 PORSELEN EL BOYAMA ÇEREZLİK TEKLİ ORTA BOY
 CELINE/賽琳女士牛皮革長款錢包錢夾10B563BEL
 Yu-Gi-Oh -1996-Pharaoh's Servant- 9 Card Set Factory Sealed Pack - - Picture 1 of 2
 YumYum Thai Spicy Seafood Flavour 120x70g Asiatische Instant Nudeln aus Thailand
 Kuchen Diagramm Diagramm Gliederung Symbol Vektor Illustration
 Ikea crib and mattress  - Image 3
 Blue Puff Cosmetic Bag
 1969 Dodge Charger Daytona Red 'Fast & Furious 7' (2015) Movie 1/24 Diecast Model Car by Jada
· · · · ·
When you repeat the data, keep each line exactly as given.

 PORSELEN EL BOYAMA ÇEREZLİK TEKLİ ORTA BOY
 CELINE/賽琳女士牛皮革長款錢包錢夾10B563BEL
 Yu-Gi-Oh -1996-Pharaoh's Servant- 9 Card Set Factory Sealed Pack - - Picture 1 of 2
 YumYum Thai Spicy Seafood Flavour 120x70g Asiatische Instant Nudeln aus Thailand
 Kuchen Diagramm Diagramm Gliederung Symbol Vektor Illustration
 Ikea crib and mattress  - Image 3
 Blue Puff Cosmetic Bag
 1969 Dodge Charger Daytona Red 'Fast & Furious 7' (2015) Movie 1/24 Diecast Model Car by Jada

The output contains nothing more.